[WHAT IS NEEDED] The required output is the exact run of lines from the one bearing "80000 Mah Ruggas Power Bank" through the final line of the listing below, with the pictures removed.

[DATA BLOCK]
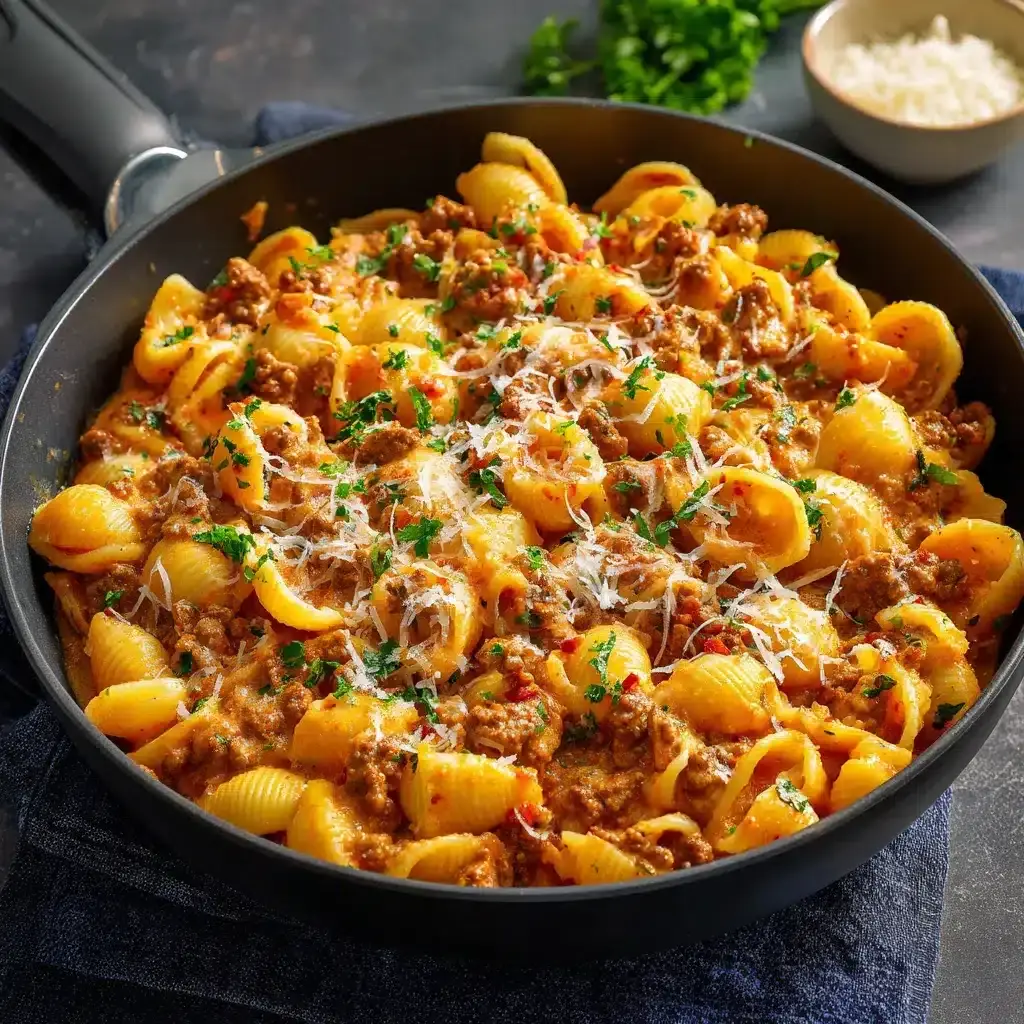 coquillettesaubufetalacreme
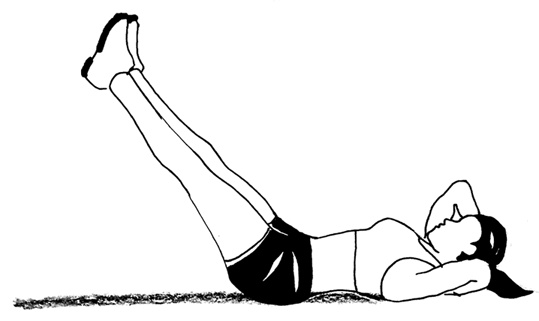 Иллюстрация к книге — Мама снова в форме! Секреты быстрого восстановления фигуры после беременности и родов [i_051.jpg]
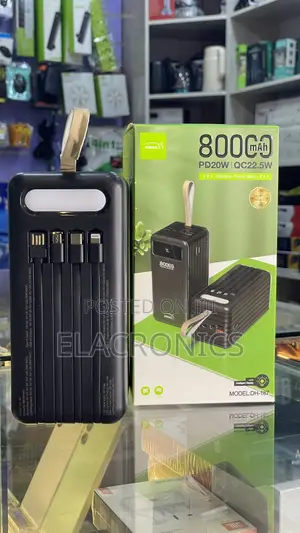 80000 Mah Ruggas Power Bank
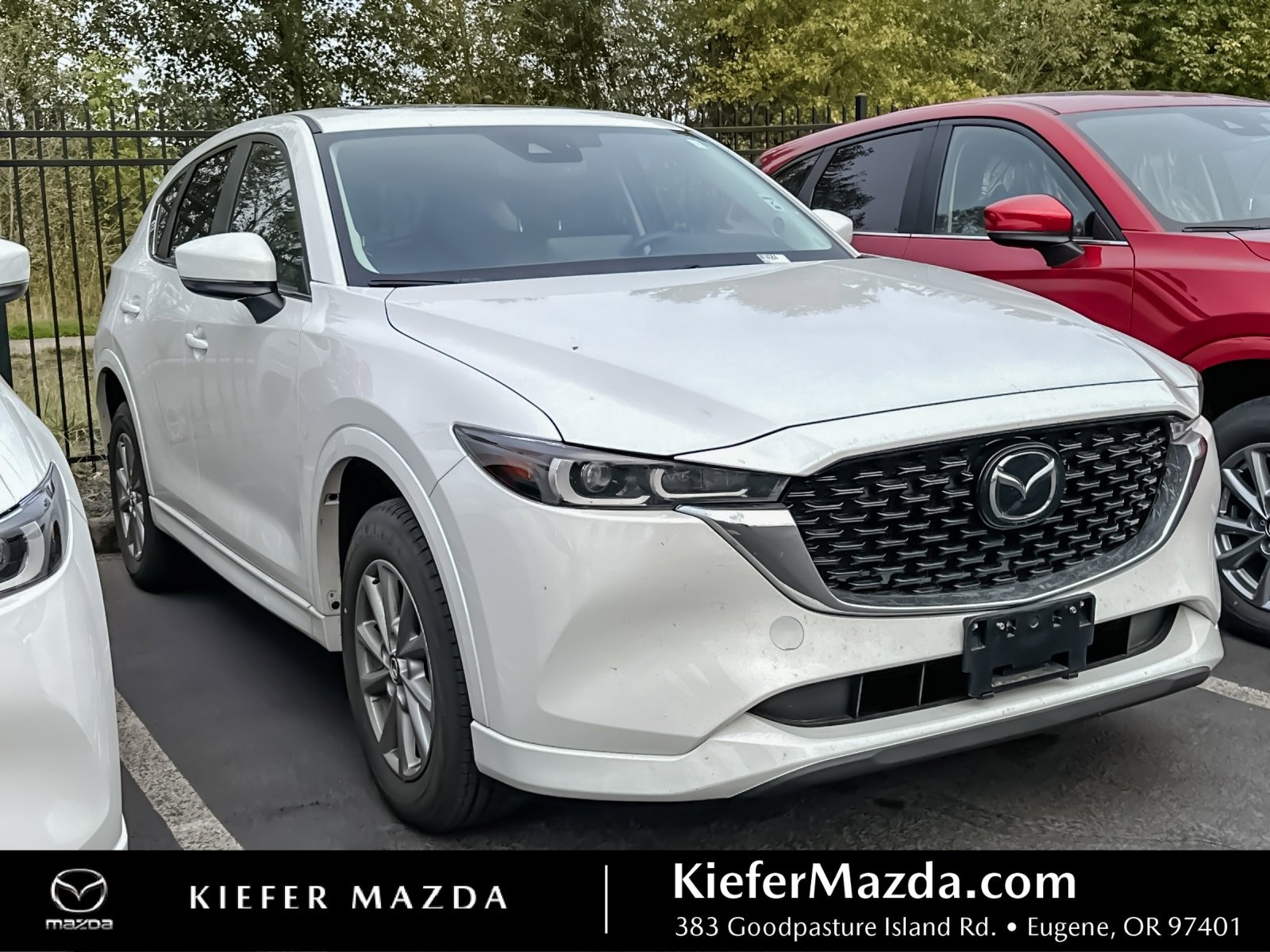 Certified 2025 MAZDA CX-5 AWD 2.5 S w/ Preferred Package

[ANSWER TO THIS TASK]
 80000 Mah Ruggas Power Bank
 Certified 2025 MAZDA CX-5 AWD 2.5 S w/ Preferred Package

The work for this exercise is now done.